The stake president has the basic responsibility for the successful operation of the missionary work in the stake.  This missionary work as administered through the stake priesthood executive committee and the stake correlation council, with the high council assigned to work with the seventies and the stake mission serving as adviser to the stake president on missionary matters.

The bishop has the responsibility for successful operation of missionary work in the ward, including the fellowshiping of new converts.  Missionary work in the ward is administered through the ward priesthood executive committee and the ward council, with the seventies group leader as adviser to the bishop on missionary matters.

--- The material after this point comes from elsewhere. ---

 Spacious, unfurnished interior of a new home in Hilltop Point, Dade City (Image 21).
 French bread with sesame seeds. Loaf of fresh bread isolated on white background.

In wards where full-time missionaries are working, the seventies group leader should hold a ward missionary correlation meeting.  It might well be attended by all stake and full-time missionaries working in the ward area.

In every ward it should be determined how many possible investigators are available to be taught, and then a program should be set up which will cause, so far as possible, an even flow of investigators for the stake and full-time missionaries.  Families who are cultivating nonmembers under the inspiration of their home teachers, and seventies who are engaged in the program for finding families, should correlate their efforts through the ward executive committee to bring this about.

On the stake level, the quorum council should invite the attendance of full-time mission district and zone leaders when correlating missionary work in the stake.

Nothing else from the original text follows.